**What is required**
In the records below, find the line containing "QR code with" and restate it and all lines after it exactly, through the last line.
### Input material
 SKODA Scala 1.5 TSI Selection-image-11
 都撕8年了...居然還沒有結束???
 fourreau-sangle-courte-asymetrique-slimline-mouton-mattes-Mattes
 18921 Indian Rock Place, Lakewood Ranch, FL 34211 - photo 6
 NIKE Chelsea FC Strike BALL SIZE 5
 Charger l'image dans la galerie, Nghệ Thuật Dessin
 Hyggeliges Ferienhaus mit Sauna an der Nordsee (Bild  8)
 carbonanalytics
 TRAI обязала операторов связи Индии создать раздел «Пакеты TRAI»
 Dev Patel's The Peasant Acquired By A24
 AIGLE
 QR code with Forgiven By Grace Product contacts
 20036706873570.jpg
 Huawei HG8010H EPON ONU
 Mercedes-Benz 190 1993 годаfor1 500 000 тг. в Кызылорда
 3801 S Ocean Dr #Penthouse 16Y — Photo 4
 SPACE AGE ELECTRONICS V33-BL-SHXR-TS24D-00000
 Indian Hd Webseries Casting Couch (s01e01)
######
**Response for this exercise**
 QR code with Forgiven By Grace Product contacts
 20036706873570.jpg
 Huawei HG8010H EPON ONU
 Mercedes-Benz 190 1993 годаfor1 500 000 тг. в Кызылорда
 3801 S Ocean Dr #Penthouse 16Y — Photo 4
 SPACE AGE ELECTRONICS V33-BL-SHXR-TS24D-00000
 Indian Hd Webseries Casting Couch (s01e01)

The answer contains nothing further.